On Nov 26, 2013, at 1:34 AM, Richard Biener <[email protected]> wrote:
> On Mon, Nov 25, 2013 at 9:05 PM, Richard Sandiford
> <[email protected]> wrote:
>> Jason Merrill <[email protected]> writes:
>>> On 11/23/2013 02:20 PM, Mike Stump wrote:
>>>> @@ -2605,8 +2606,7 @@ cp_tree_equal (tree t1, tree t2)
>>>> switch (code1)
>>>> {
>>>> case INTEGER_CST:
>>>> - return TREE_INT_CST_LOW (t1) == TREE_INT_CST_LOW (t2)
>>>> - && TREE_INT_CST_HIGH (t1) == TREE_INT_CST_HIGH (t2);
>>>> + return wi::to_widest (t1) == wi::to_widest (t2);
>>>
>>> Why not use wi::eq_p like you do in the C front end?
>>
>> Thanks for noticing the difference. I think c_tree_equal should change
>> to use to_widest too.
>>
>> wi::eq_p (t1, t2) asserts that t1 and t2 are the same precision and
>> ignores signedness; it just tests whether they are the same bitstring.
>> wi::to_widest (t1) == wi::to_widest (t2) compares them as logical numbers,
>> taking sign into account and allowing different types. I think that's
>> what the original TREE_INT_CST_LOW and TREE_INT_CST_HIGH tests did too.
>
> Though in this case (comparing two INTEGER_CSTs) it would be better
> to use a tree abstraction - thus tree_int_cst_equal. It saves us from
> making the decision on what to map this in wide-int to multiple times.
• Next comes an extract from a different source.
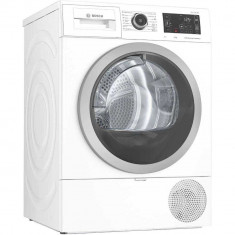 Uscator de rufe Bosch WTWH762BY, Condensare si pompa de caldura, 9 kg, Home Connect, SelfCleaning Condenser, AutoDry, Interior Drum Light, Clasa A++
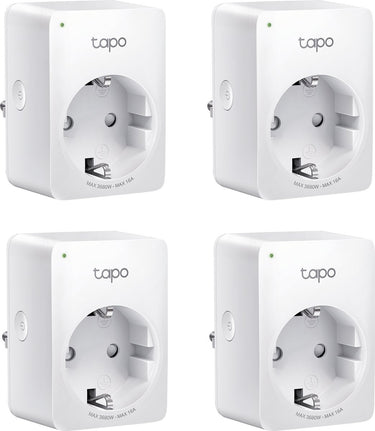 Tp-link tapo p110 - slimme stekker - smart plug - 4 stuks - wifi stopcontact - energiebewaking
Seems like a good idea to me:
Index: cp/tree.c
===================================================================
--- cp/tree.c (revision 206183)
+++ cp/tree.c (working copy)
@@ -2606,7 +2606,7 @@ cp_tree_equal (tree t1, tree t2)
switch (code1)
{
case INTEGER_CST:
- return wi::to_widest (t1) == wi::to_widest (t2);
+ return tree_int_cst_equal (t1, t2);
case REAL_CST:
return REAL_VALUES_EQUAL (TREE_REAL_CST (t1), TREE_REAL_CST (t2));
Jason, are the C++ patches with this change to them Ok?